[Records from a data collection]
::::::::::
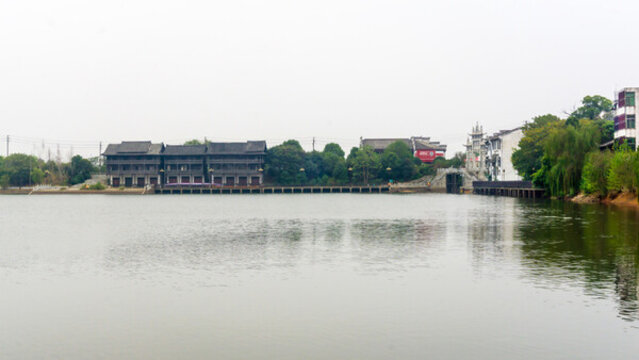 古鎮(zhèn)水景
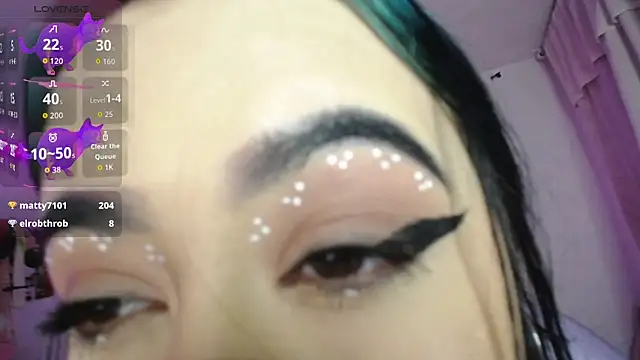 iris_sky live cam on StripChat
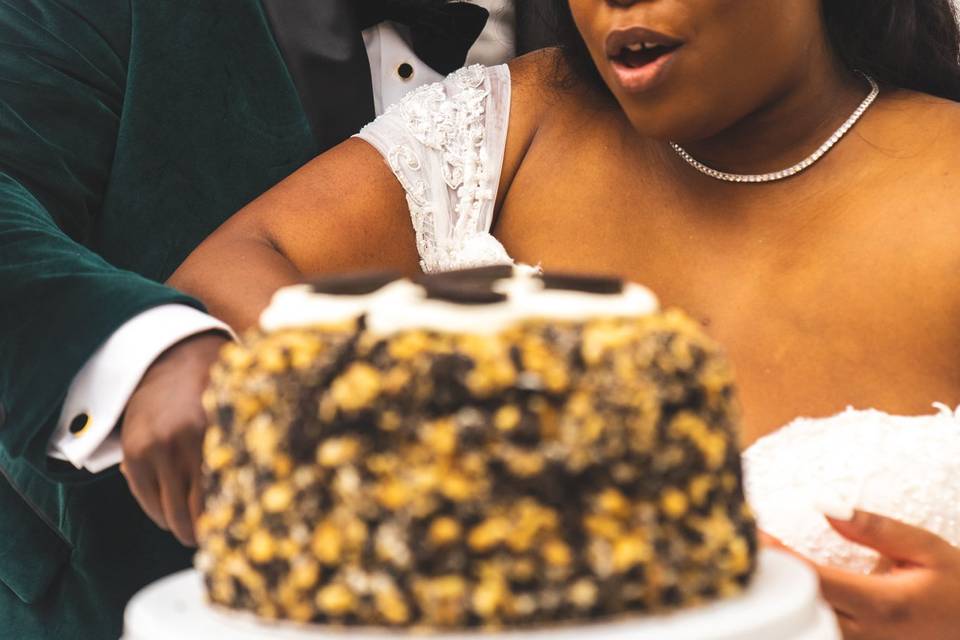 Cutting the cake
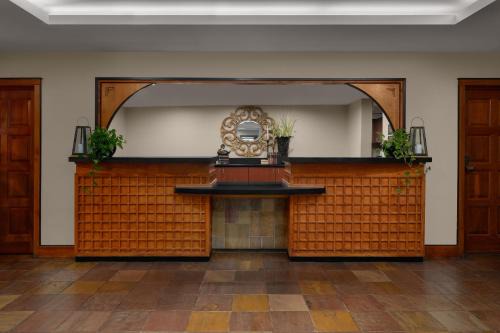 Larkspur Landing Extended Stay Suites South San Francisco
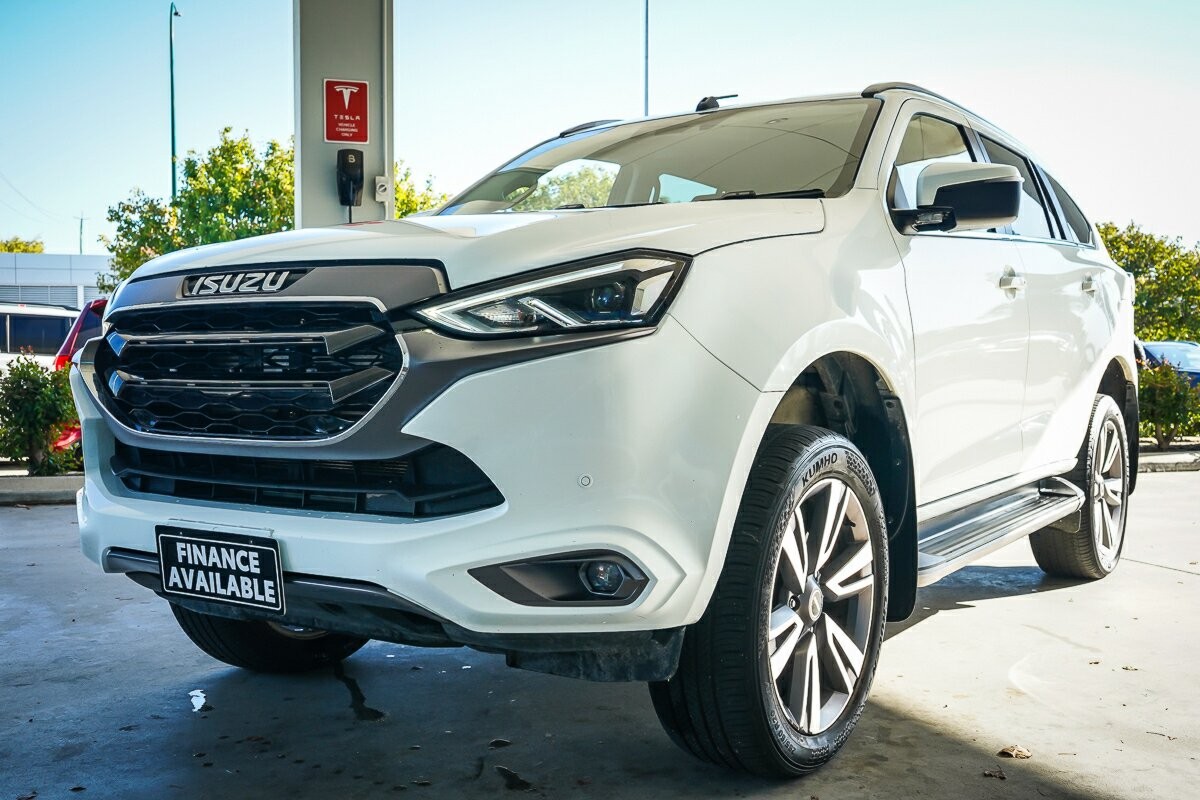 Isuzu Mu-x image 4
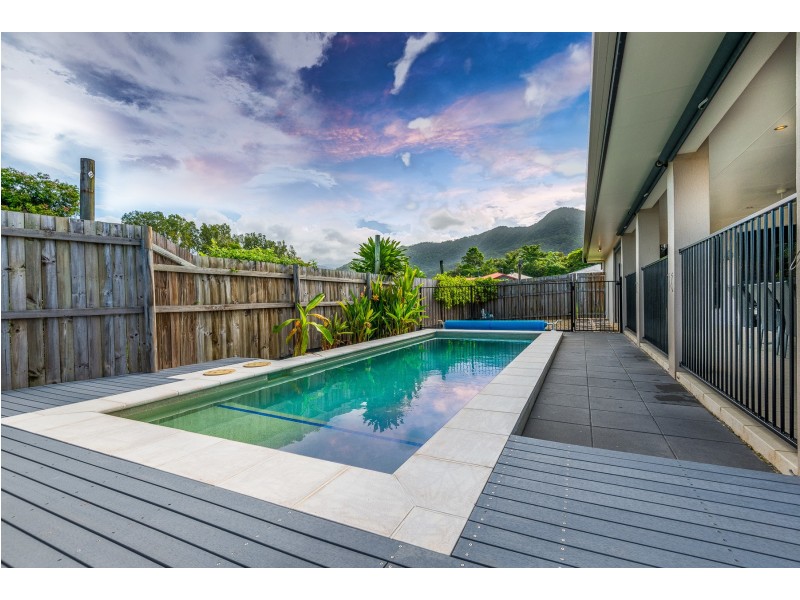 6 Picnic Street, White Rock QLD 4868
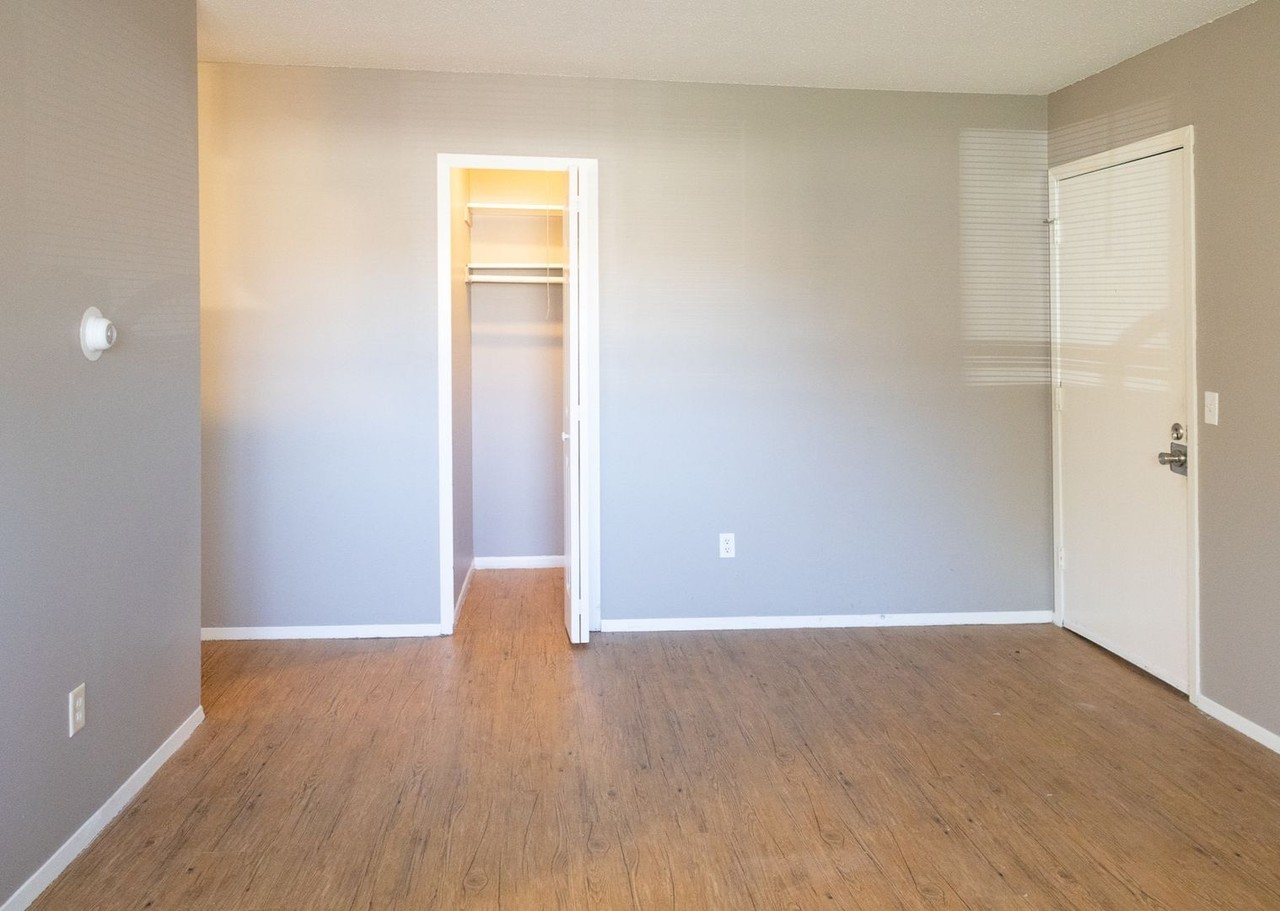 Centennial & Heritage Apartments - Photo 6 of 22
::::::::::
- _Instructions to follow_
Exactly the lines from the one with "iris_sky live cam on StripChat" through the end of the entries above must be written out, and no pictures may be included.

- _Answer to the exercise_
 iris_sky live cam on StripChat
 Cutting the cake
 Larkspur Landing Extended Stay Suites South San Francisco
 Isuzu Mu-x image 4
 6 Picnic Street, White Rock QLD 4868
 Centennial & Heritage Apartments - Photo 6 of 22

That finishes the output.